02 Polishing & Assessment - Linafina100/GenomeAnalysis GitHub Wiki
Assembly Polishing and Assessment
1. Polishing with Pilon
Draft assemblies generated from long-read sequencing technologies like Nanopore, often contain a higher error rate which could be seen in the FastQC report, see 01 Pre-proccessing. The goal of this step was to correct these sequence errors to improve the overall accuracy of Chromosome 3 before annotation.
The polishing was performed with Pilon software to improve the Flye draft assembly by using more accurate, short Illumina reads, mapping them back to the draft genome to identify and correct structural inconsistencies. The exact script used (5_pilon_polishing_chr3.sh) can be found in the repository's code directory.
2. Assembly Evaluation
2.1 Comparing Pre- and Post Polishing with QUAST
To determine if the polishing step structurally improved the assembly, we compared the pre-polished and post-polished fasta files using QUAST. The statistics of this analysis can be seen in Table 1 below.
Table 1. Summary of QUAST statistics, comparing the initial Flye assembly to assembly post polishing.
The total length increased by roughly 20 kb, indicating that Pilon successfully filled in missing deletions. The L50 remained stable, meaning the polishing process did not break the contigs apart but it not extend them either. Because we are only assembling chromosome 3, it is hard to compare these numbers to the reference assembly where the whole-genome was assembled. The GC-content of 41.96 % of consistent with the GC-content of the whole-genome anlysis of 41.86 %.

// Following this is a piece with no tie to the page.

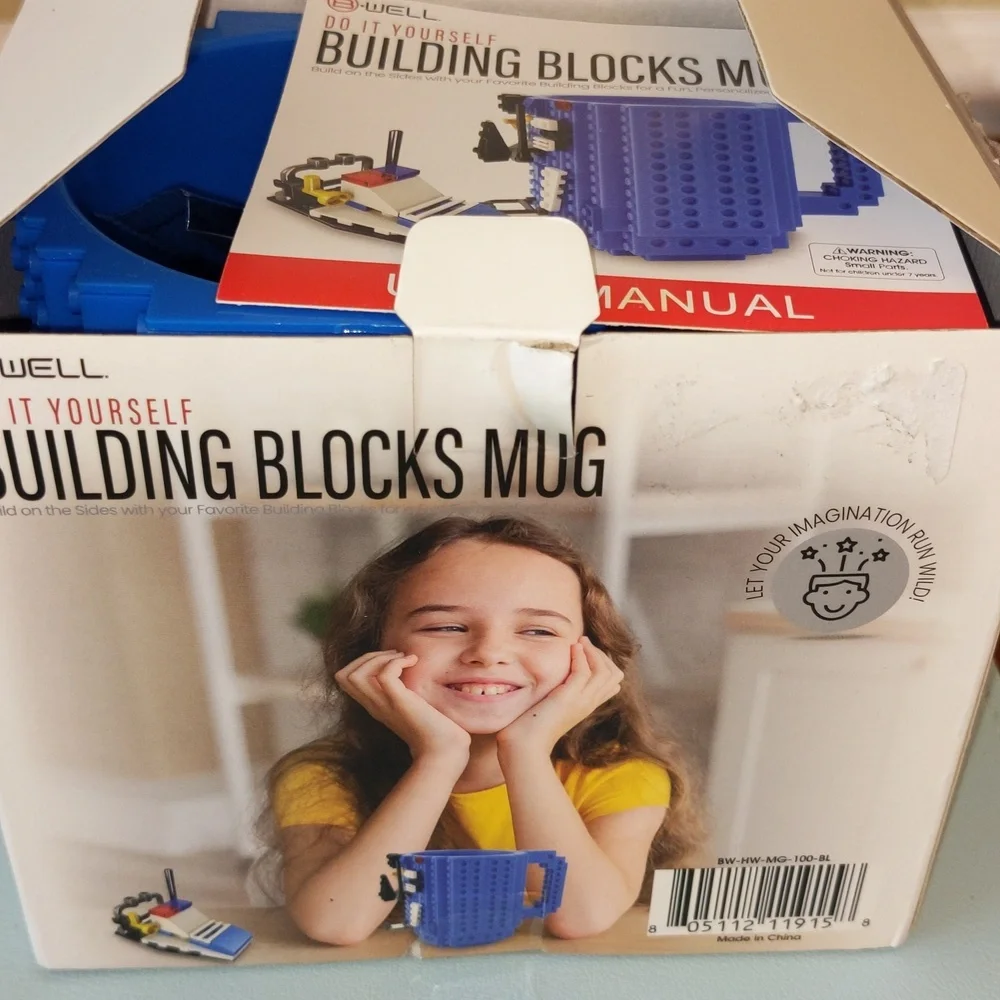 New B*Well Do It Yourself Building Blocks Mug 12oz BPA Free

Figure 1. Cumulative length of the initial assembly (draft) vs the polished assembly.
The cumulative contig length plot in Figure 1, shows that the polished assembly closely follows the same distribution as the draft assembly, indicating that Pilon did not introduce major structural changes. The slight increase in total assembly length suggests that small errors such as deletions were corrected. Overall, polishing improved sequence accuracy while preserving the original contiguity of the assembly.
3. Gene Completeness Assessment with BUSCO
To assess the biological quality and gene completeness of our polished Chromosome 3, BUSCO was ran on the assembly using the embryophyta_odb10 dataset (which contains 1,614 highly conserved plant genes). Results can be seen below.
Table 2. BUSCO results of the polished assmebly.
| BUSCO Category | Count | Percentage |
|---|---|---|
| Complete BUSCOs (C) | 152 | 9.4% |
| -- Complete and single-copy (S) | 145 | 9.0% |
| -- Complete and duplicated (D) | 7 | 0.4% |
| Fragmented BUSCOs (F) | 7 | 0.4% |
| Missing BUSCOs (M) | 1455 | 90.1% |
| Total BUSCO groups searched (n) | 1614 | 100% |
Summary Notation: C:9.4%[S:9.0%,D:0.4%],F:0.4%,M:90.1%,n:1614,E:3.9%
The results above show that only 9.4 % of complete busco genes were found in the embryophyta_odb10 dataset. A score of 90.1% Missing (M) is the expected biological result for this specific analysis. The embryophyta database checks for universal core genes that belong to an entire plant genome but because we are only analyzing Chromosome 3, a majority of those 1,614 core genes could be located on other chromosomes. Therefore, the high proportion of missing BUSCOs should not be interpreted as poor assembly quality, but as a result of analyzing a single chromosome instead of the whole genome. Finding 152 core genes on this chromosome indicates that a subset of complete conserved plant genes are present on the assembled chromosome. The low fraction of duplicated BUSCO genes (0.4%) further indicates that the assembly is not affected by major redundancy or misassemblies. Overall, these results indicate that the assembly is structurally reasonable within the scope of chromosome 3, although BUSCO is not an ideal metric for assessing completeness in partial genome assemblies.